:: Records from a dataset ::
* * * * * * * * *
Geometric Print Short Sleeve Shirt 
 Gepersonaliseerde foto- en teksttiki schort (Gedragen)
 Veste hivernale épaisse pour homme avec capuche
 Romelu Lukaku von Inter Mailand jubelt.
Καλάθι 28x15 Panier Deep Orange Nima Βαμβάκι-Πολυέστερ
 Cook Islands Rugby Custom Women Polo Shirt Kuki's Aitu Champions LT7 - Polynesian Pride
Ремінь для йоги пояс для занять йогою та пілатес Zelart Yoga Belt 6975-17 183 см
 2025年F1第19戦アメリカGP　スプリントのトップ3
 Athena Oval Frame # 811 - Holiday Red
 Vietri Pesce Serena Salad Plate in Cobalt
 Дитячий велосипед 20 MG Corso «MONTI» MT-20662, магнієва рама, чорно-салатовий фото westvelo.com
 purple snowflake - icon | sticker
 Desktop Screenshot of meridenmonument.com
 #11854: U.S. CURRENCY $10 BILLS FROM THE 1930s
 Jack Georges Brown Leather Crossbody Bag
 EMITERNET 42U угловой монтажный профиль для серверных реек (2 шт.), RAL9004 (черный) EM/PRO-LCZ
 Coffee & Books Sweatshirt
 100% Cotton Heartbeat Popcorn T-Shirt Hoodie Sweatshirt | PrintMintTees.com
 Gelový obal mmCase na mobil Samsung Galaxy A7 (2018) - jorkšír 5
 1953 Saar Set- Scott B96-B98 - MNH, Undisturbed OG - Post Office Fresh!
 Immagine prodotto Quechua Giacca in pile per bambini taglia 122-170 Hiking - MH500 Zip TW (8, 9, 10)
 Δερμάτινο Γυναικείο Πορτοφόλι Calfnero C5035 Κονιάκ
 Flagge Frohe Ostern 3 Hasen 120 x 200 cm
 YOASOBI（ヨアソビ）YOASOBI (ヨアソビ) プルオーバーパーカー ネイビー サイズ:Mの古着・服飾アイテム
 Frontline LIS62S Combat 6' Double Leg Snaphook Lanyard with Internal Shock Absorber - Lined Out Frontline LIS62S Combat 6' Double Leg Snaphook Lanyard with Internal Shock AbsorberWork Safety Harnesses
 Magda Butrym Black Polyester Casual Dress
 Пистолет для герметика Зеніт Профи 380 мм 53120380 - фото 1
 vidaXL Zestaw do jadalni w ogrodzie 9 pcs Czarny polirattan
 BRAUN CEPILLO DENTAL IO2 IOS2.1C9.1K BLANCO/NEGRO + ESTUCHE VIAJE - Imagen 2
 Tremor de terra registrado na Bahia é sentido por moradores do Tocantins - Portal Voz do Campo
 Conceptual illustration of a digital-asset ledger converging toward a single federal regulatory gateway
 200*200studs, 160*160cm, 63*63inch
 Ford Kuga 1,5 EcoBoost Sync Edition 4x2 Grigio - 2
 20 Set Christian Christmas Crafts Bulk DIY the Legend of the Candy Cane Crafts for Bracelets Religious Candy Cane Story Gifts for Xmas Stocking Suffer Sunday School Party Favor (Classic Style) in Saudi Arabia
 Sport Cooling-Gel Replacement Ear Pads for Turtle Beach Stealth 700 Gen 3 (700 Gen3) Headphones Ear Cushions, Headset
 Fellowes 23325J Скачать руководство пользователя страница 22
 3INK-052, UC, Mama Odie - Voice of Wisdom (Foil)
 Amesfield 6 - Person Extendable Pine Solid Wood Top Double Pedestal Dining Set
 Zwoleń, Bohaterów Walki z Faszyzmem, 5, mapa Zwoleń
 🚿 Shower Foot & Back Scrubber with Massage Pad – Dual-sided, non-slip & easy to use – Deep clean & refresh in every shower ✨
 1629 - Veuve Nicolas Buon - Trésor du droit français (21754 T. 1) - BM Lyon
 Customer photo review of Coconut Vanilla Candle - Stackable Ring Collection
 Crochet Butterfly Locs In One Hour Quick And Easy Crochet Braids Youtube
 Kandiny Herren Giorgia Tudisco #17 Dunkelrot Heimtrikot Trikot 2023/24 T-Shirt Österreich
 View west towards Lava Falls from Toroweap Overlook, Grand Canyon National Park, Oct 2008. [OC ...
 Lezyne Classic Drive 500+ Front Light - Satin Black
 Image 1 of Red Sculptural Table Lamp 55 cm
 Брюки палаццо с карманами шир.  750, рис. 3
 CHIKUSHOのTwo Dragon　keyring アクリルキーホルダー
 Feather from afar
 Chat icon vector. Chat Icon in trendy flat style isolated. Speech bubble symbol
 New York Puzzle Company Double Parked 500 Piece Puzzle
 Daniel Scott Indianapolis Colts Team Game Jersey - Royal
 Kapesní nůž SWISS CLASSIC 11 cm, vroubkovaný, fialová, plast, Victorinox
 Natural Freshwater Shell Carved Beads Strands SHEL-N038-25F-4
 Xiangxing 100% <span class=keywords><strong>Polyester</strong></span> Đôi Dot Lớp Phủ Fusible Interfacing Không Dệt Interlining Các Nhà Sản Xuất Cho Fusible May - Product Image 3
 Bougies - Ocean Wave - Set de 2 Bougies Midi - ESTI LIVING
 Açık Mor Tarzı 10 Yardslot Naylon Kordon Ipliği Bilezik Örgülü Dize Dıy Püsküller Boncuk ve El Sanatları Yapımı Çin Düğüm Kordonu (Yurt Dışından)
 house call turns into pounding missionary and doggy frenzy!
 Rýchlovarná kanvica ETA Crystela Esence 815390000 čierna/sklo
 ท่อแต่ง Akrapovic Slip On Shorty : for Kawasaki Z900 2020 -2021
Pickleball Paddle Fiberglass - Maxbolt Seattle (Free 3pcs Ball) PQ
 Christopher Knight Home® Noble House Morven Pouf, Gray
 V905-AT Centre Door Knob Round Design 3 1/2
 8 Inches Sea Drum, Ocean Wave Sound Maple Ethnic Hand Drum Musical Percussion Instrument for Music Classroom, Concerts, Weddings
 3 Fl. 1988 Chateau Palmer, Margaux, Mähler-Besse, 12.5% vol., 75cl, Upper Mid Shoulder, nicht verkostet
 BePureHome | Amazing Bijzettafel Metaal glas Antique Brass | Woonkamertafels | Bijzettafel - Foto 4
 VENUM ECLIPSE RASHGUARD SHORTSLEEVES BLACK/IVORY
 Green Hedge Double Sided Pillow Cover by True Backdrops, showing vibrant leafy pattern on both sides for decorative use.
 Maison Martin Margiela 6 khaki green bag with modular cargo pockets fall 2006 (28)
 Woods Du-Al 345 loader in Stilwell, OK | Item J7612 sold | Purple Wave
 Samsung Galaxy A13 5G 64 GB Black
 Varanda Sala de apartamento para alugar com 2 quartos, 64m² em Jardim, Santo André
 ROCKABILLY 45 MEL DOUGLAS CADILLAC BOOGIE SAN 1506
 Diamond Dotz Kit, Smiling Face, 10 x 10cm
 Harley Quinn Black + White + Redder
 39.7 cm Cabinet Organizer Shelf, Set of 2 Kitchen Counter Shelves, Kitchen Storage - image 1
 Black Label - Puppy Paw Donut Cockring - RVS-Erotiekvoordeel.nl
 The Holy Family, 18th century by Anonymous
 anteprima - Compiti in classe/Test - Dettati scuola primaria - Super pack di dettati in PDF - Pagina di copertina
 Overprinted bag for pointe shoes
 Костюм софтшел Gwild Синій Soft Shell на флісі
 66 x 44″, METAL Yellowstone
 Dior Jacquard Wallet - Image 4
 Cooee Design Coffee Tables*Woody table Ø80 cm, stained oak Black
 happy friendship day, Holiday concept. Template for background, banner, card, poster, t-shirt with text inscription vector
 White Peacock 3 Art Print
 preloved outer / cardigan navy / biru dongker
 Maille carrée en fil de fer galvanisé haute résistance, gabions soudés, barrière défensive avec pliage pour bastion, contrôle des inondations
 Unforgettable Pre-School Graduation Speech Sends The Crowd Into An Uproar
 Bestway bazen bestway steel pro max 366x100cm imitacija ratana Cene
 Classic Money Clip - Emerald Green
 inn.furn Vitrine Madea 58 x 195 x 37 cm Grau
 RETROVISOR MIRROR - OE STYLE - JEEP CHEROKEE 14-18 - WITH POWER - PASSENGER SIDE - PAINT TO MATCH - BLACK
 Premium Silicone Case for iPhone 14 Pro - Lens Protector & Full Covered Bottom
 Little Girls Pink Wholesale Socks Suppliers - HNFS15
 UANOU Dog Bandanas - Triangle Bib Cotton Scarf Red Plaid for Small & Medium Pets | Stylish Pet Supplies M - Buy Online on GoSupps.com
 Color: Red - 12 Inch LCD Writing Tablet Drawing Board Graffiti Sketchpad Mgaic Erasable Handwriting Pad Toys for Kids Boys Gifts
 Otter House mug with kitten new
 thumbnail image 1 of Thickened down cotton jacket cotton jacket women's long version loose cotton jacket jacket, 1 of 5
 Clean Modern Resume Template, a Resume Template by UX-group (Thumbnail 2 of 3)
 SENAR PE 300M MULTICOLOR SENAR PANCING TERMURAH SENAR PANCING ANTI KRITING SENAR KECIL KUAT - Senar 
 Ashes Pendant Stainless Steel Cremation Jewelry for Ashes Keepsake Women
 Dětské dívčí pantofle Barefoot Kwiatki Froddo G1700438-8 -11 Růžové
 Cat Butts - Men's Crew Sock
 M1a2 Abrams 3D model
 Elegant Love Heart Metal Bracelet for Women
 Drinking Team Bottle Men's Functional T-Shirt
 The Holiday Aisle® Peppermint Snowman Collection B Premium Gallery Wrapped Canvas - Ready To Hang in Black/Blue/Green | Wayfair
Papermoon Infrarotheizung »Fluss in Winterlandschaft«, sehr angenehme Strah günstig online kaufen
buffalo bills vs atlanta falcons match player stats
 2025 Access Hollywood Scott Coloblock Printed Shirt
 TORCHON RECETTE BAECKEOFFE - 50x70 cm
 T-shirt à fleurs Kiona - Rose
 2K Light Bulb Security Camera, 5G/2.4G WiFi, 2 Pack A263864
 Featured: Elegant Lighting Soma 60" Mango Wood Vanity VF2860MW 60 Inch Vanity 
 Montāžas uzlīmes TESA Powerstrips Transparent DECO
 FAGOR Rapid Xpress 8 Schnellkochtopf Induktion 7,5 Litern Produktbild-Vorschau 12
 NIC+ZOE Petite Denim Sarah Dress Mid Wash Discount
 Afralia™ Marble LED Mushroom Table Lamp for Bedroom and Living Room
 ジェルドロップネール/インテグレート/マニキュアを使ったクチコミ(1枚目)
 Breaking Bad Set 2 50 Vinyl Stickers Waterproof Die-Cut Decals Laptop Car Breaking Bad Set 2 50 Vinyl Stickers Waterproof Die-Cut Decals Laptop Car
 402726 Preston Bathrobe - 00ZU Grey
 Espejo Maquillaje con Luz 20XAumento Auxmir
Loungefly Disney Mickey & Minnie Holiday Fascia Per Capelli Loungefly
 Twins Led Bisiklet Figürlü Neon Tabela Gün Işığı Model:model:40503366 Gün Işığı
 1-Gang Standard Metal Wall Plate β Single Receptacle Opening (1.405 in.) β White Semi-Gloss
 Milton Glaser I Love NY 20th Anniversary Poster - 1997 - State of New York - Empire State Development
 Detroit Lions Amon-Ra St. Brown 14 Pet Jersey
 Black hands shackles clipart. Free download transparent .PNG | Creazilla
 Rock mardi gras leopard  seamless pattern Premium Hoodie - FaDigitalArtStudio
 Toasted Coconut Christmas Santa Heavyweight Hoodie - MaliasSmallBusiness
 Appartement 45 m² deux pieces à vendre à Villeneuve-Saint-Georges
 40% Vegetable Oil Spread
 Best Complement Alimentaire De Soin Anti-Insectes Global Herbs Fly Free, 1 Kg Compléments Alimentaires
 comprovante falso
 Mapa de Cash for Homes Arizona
* * * * * * * * *
:: Work task ::
Starting at the top of the data above, repeat every line exactly until the line containing "2025年F1第19戦アメリカGP　スプリントのトップ3" has been given, then stop.

:: Result for this task ::
Geometric Print Short Sleeve Shirt 
 Gepersonaliseerde foto- en teksttiki schort (Gedragen)
 Veste hivernale épaisse pour homme avec capuche
 Romelu Lukaku von Inter Mailand jubelt.
Καλάθι 28x15 Panier Deep Orange Nima Βαμβάκι-Πολυέστερ
 Cook Islands Rugby Custom Women Polo Shirt Kuki's Aitu Champions LT7 - Polynesian Pride
Ремінь для йоги пояс для занять йогою та пілатес Zelart Yoga Belt 6975-17 183 см
 2025年F1第19戦アメリカGP　スプリントのトップ3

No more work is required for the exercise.